Africans needs to learn about this wonderful history of theirs, more so, since most African people were given inferior educational systems. Steve Biko narrates “We are aware of the terrible role played by our education and religion in creating amongst us a false understanding of ourselves. We must therefore work out a scheme not only to correct this, but further to be our own authorities rather than wait to be interpreted by others.” That is why he stressed the “decolonization of the mind”
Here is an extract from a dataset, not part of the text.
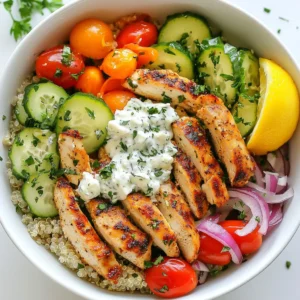 - Chicken and Marinade Components - 2 chicken breasts, cut into strips - 2 tablespoons extra virgin olive oil - 3 cloves of garlic, finely minced - 1 teaspoon dried oregano - 1 teaspoon smoked paprika - Sea salt and freshly cracked pepper to taste - Quinoa and Vegetable Ingredients - 1 cup quinoa, thoroughly rinsed and drained - 2 cups vegetable broth (or water) - 1 cup cherry tomatoes, halved - 1 cucumber, diced into small pieces - ½ red onion, thinly sliced - Toppings and Garnishes - 1 cup feta cheese, crumbled - ¼ cup fresh parsley, roughly chopped - Zest and juice of 1 lemon - Creamy tzatziki sauce for drizzling Gathering these ingredients is key to a tasty Greek Chicken Gyro Bowl. Each item plays a role in flavor and texture. The chicken is marinated to soak up those rich flavors. Quinoa serves as a hearty base. Fresh veggies add crunch and color. Finally, toppings like feta and tzatziki make your dish shine. Trust me, these bowls will impress! {{ingredient_image_2}} To start, I mix the chicken strips with olive oil, minced garlic, dried oregano, smoked paprika, sea salt, and pepper in a medium bowl. I ensure all the chicken gets coated well. This marinade gives the chicken a burst of flavor. Cover the bowl and refrigerate for at least 30 minutes. This helps the chicken absorb all the tasty spices. I bring 2 cups of vegetable broth to a boil in a medium saucepan. Once it bubbles, I add 1 cup of rinsed quinoa. Lower the heat to a gentle simmer and cover it. I let it cook for about 15 minutes until all the liquid is gone. After it’s done, I fluff the quinoa with a fork. This makes it light and fluffy, perfect for the bowl. In a large skillet, I heat it over medium-high heat and add the marinated chicken. I cook it for 6-8 minutes, stirring often. I want to see a nice golden brown color on the chicken. This shows it’s cooked through and ready to enjoy. While the chicken cooks, I chop the fresh toppings. I slice the cherry tomatoes in half, dice the cucumber, and thinly slice the red onion. I keep these toppings fresh and colorful. They add crunch and flavor to my gyro bowls. Now, it’s time to layer the ingredients! In individual serving bowls, I start with a generous scoop of quinoa as the base. Next, I add the sautéed chicken on top. Then, I pile on the diced cucumber, halved cherry tomatoes, sliced red onion, crumbled feta cheese, and a sprinkle of fresh parsley. This makes the bowl look bright and inviting. For the finishing touch, I drizzle fresh lemon juice over each bowl. Then, I swirl on some creamy tzatziki sauce. To brighten the flavors even more, I sprinkle lemon zest on top. This adds a refreshing burst to every bite. Recommended Marinade Time for Best Flavor For the best taste, marinate the chicken for at least 30 minutes. This allows the flavors to seep in. If you have more time, marinate for up to 2 hours. Longer marination adds extra depth to your dish. Alternative Ingredients for Customization You can change the marinade to fit your taste. Try adding lemon zest or switching smoked paprika for sweet paprika. If you like heat, add a pinch of cayenne pepper. Experiment with fresh herbs like thyme or rosemary for a unique twist. Avoiding Undercooked or Overcooked Quinoa To cook quinoa perfectly, use a 1:2 ratio of quinoa to liquid. If you use 1 cup of quinoa, add 2 cups of vegetable broth. Bring it to a boil, then reduce to simmer for 15 minutes. Don’t lift the lid while it cooks! This keeps the steam in for fluffy quinoa. Best Practices for Rinse and Drain Always rinse quinoa before cooking. Place it in a fine mesh strainer and rinse under cold water. This removes bitter saponins and improves the taste. Drain it well to avoid excess water in your dish. Knowing When the Chicken Is Fully Cooked Cook chicken until it reaches an internal temperature of 165°F. Use a meat thermometer for accuracy. The chicken should be golden brown on the outside and no longer pink inside. Tips for Keeping Chicken Moist To keep chicken juicy, avoid overcooking. Let it rest for a few minutes after cooking. This allows the juices to redistribute throughout the meat, making each bite tender and flavorful. Pro Tips Marinate Longer for Flavor: For an even richer flavor, consider marinating the chicken for 1-2 hours or even overnight. This allows the spices and olive oil to penetrate the meat more deeply. Quinoa Cooking Tip: Always rinse quinoa before cooking to remove its natural coating, called saponin, which can impart a bitter taste. This step is crucial for achieving a pleasant flavor. Fresh Ingredients Matter: Use the freshest vegetables and herbs you can find to enhance the overall taste of your gyro bowls. Fresh ingredients provide vibrant colors and better textures. Tzatziki Twist: For a unique flavor, try adding a hint of dill or mint to your tzatziki sauce. This addition can elevate the taste profile and provide refreshing notes. {{image_4}} You can change the protein in your Greek chicken gyro bowls. Turkey works well instead of chicken. It has a light taste and cooks fast. You can also try tofu for a plant-based option. Tofu absorbs flavors well, making it a great choice. Quinoa is great, but other grains can work too. Brown rice adds a nutty flavor and is filling. Barley gives a chewy texture and is rich in fiber. If you want to cut carbs, try cauliflower rice. It cooks quickly and has a mild taste. Mix in extra veggies for a colorful bowl. Bell peppers, olives, or spinach are great options. You can also try different cheeses, like goat cheese or ricotta. For added flavor, sprinkle some spices like cumin or paprika. A drizzle of spicy harissa sauce adds a nice kick too! To keep your Greek chicken gyro bowls fresh, store them in airtight containers. This helps prevent moisture loss. Make sure the chicken, quinoa, and veggies cool down before sealing. If you have any tzatziki sauce left, store it separately to maintain its creamy texture. Use these recommended containers for best results: - Glass containers with tight lids - BPA-free plastic containers - Silicone bags for easy storage When it’s time to enjoy your leftovers, the best way to reheat chicken and quinoa is in the oven or on the stove. This keeps the chicken juicy and the quinoa fluffy. Use these methods for the best results: - Oven: Preheat to 350°F (175°C). Place the chicken and quinoa in an oven-safe dish. Cover with foil and heat for about 15-20 minutes. - Stove: In a skillet, add a splash of water or broth. Heat over medium-low heat, stirring occasionally, until warmed through. To avoid soggy vegetables, reheat the chicken and quinoa first. Then, add fresh veggies like cucumber and tomatoes just before serving. This keeps them crisp and colorful. To make Greek Chicken Gyro Bowls from scratch, follow these steps: 1. Marinate the Chicken: In a bowl, mix sliced chicken, olive oil, minced garlic, oregano, smoked paprika, sea salt, and pepper. Cover and chill for 30 minutes. 2. Cook the Quinoa: Bring vegetable broth to a boil in a saucepan. Add rinsed quinoa and lower the heat. Cover and simmer until liquid is absorbed, about 15 minutes. Fluff with a fork. 3. Sauté the Chicken: In a skillet, cook the marinated chicken over medium-high heat for 6-8 minutes until golden brown. 4. Prepare Fresh Toppings: Chop cherry tomatoes, dice cucumber, and slice red onion. Set aside. 5. Assemble the Bowls: Layer quinoa, then add chicken, cucumber, tomatoes, onion, feta cheese, and parsley. 6. Finish with Flavor: Drizzle lemon juice and tzatziki sauce over the top. Add lemon zest for more flavor. Yes, you can prepare gyro bowls ahead of time. Here are some tips for meal prep: - Cook the Chicken and Quinoa: You can grill or sauté the chicken and prepare quinoa in advance. Store in airtight containers in the fridge. - Chop Fresh Veggies: Pre-chop the vegetables. Keep them in separate containers to stay fresh. - Tzatziki Sauce: Make tzatziki sauce a day before. Store it in the fridge for the best taste. - Assemble Before Serving: When you’re ready to eat, just assemble the bowls and drizzle with sauce. If you need alternatives for tzatziki sauce, consider these options: - Greek Yogurt: Use plain Greek yogurt with lemon juice, garlic, and herbs for a quick dip. - Hummus: Swap tzatziki for hummus for a creamy and flavorful option. - Avocado Dressing: Blend ripe avocado with lime juice and garlic for a fresh twist. - Dairy-Free Options: Use a cashew or almond yogurt mixed with herbs for a dairy-free tzatziki. To make quinoa fluffier, follow these tips: - Rinse the Quinoa: Always rinse quinoa thoroughly to remove its bitter coating. - Use the Right Water Ratio: Use a 2:1 ratio of liquid to quinoa for perfect texture. - Let It Sit: After cooking, let the quinoa sit for 5 minutes before fluffing. This helps the grains separate. - Fluff with a Fork: Use a fork to gently fluff the quinoa. This aerates it and makes it light. You now have a complete guide to making Greek chicken gyro bowls. We covered each ingredient, marinating techniques, cooking tips, and assembly. Remember to choose fresh ingredients and customize your bowls to fit your taste. Try different proteins or grains for variety. Properly storing and reheating your leftovers will help keep them fresh. Enjoy experimenting with flavors and textures. This dish is not only tasty but also a fun way to eat healthy! Get started and share your delicious creations.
One needs to understand, as Robert Birt puts it, that “Blacks alone are reduced to being a color…And though they are not the only victims of racism, blacks alone have been set apart, degraded and ostracized exclusively on the basis of race and color. Thus the striving to create and affirm our identity and humanity in defiance of racial essentialization and domination forms the common ground of the black liberation struggle. The struggle for identity entails a struggle for a liberated Black consciousness.”
In closing, it is evident that Africa is far from knowing peace. But let us have heart, for I see opportunity in the mist of this calamity. I for one Kwame, live solely and purely to bring about the prosperity of Africa.